== PROVIDED INFORMATION ==
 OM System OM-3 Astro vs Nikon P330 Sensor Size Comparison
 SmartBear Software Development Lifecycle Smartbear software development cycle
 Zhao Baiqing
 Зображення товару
...
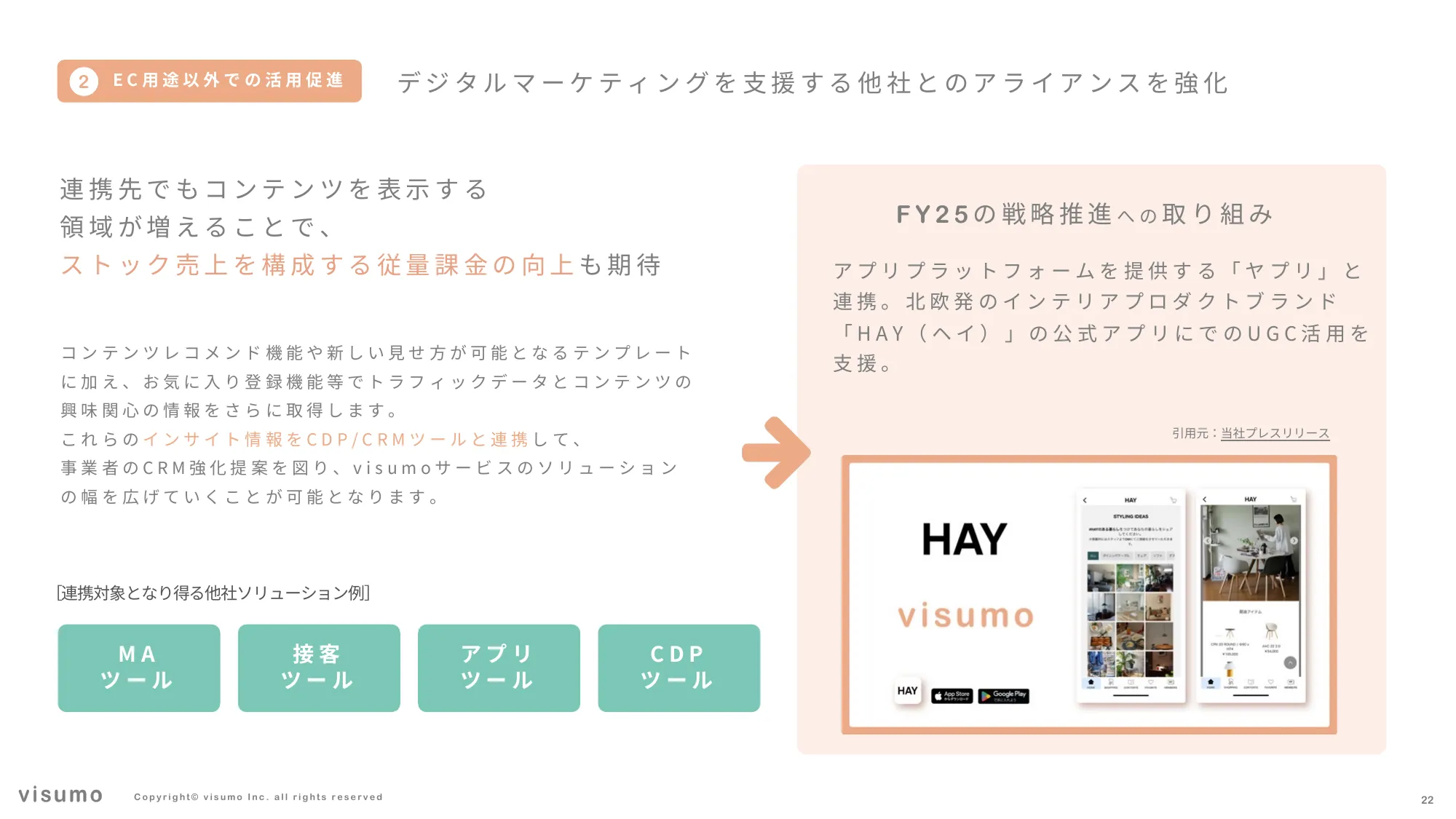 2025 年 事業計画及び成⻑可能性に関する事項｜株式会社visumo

== BRIEF ==
Extract from the listing above the lines between the line containing "SmartBear Software Development Lifecycle" and the line containing "Зображення товару", keeping both of those lines. Output nothing else.

== RESPONSE BOX ==
 SmartBear Software Development Lifecycle Smartbear software development cycle
 Zhao Baiqing
 Зображення товару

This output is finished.